The 3 replies I've seen so far are all correct, but I assume you'd
like to see a simple answer to your simple problem too.

Your input syntax appears to be (tag item ...) where each item might
be either another (tag ...) form or an atom, typically a string, but
we can allow numbers and symbol at no extra cost.

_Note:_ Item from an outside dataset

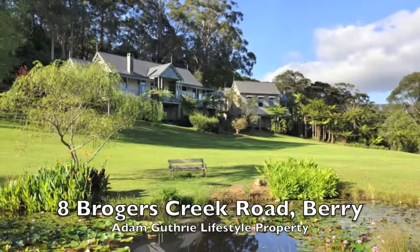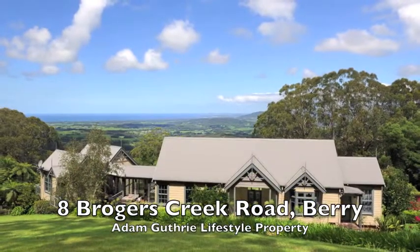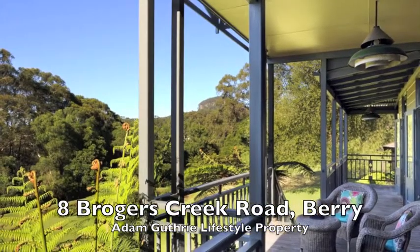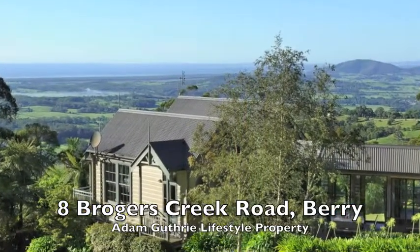Welcome to 8 Brogus Creek Road, Brogus Creek, Bury. Set atop Woodhill Mountain, this secluded five acre property enjoys lovely views in all directions, from Drawing Room Rocks to the rear, to Broughton Head to the west, and out to Koolangatta Mountain and the ocean to the front.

That's a nice simple syntax, and so the recursion is nice and
simple too

  if it's null, quit
  if it's an atom, print it
  else print <car>,
       recursively do each item
       print </car>

In Lisp, 

(defun lisp2html (src)
  (cond ((null src) nil)
        ((atom src) (format t "~A~%" src))
        (t (format t "<~A>~%" (first src))
           (mapc #'lisp2html (rest src))
           (format t "</~A>~%" (first src)))))

From: Christophe Rhodes
Subject: Re: parsing html.
Date: Fri, 31 Aug 2001 20:42:25 +0000
Message-ID: <sqofowdkr2.fsf@athena.jesus.cam.ac.uk>

Chris Riesbeck <········@cs.northwestern.edu> writes:

> >········@my-deja.com (John Vert) writes:
> >
> >> hi,
> >> 
> >>   i'm trying to come up with a simple way to turn html in lisp-like
> >> notation like the one below,
> >> 
> >> (setf myhtml '(html (head (title "Hello World")) (body (h1 "Hello
> >> World"))))
> >> 
> >> into regular html.  i started doing this with the following code:
> >Isn't that re-inventing the wheel? Have you checked out one of
> 
> John,
> 
> The 3 replies I've seen so far are all correct, but I assume you'd
> like to see a simple answer to your simple problem too.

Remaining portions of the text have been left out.